--- INFORMATION GIVEN Enclosed Below ---

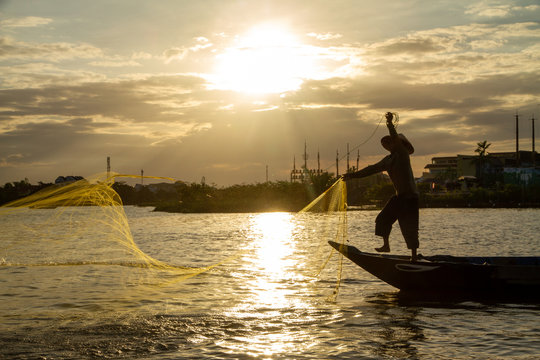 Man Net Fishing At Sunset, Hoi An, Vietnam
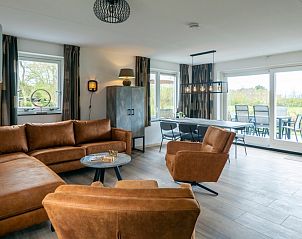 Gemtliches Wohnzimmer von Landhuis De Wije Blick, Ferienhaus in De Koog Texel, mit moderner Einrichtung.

--- End of Enclosed INFORMATION GIVEN ---
--- INFORMATION GIVEN Enclosed Below ---

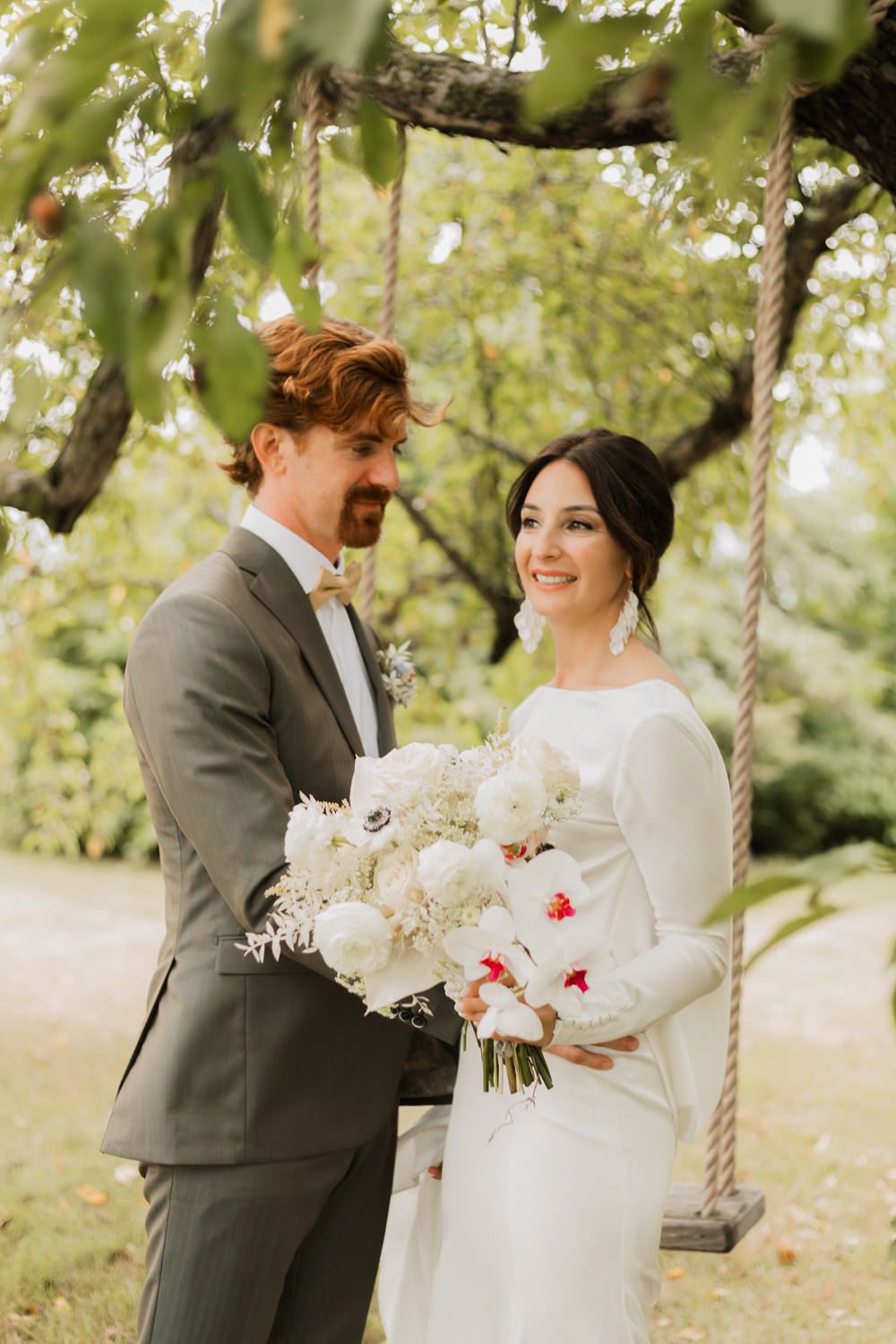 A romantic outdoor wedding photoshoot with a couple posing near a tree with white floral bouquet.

--- End of Enclosed INFORMATION GIVEN ---

**EXERCISE BRIEF**
Produce an exact reproduction of the listing above, limited to the lines starting at the line with "Man Net Fishing At Sunset, Hoi An, Vietnam" and ending at the line with "Gemtliches Wohnzimmer von", both kept, with every picture left out.

**RESPONSE FOR THIS EXERCISE**
 Man Net Fishing At Sunset, Hoi An, Vietnam
 Gemtliches Wohnzimmer von Landhuis De Wije Blick, Ferienhaus in De Koog Texel, mit moderner Einrichtung.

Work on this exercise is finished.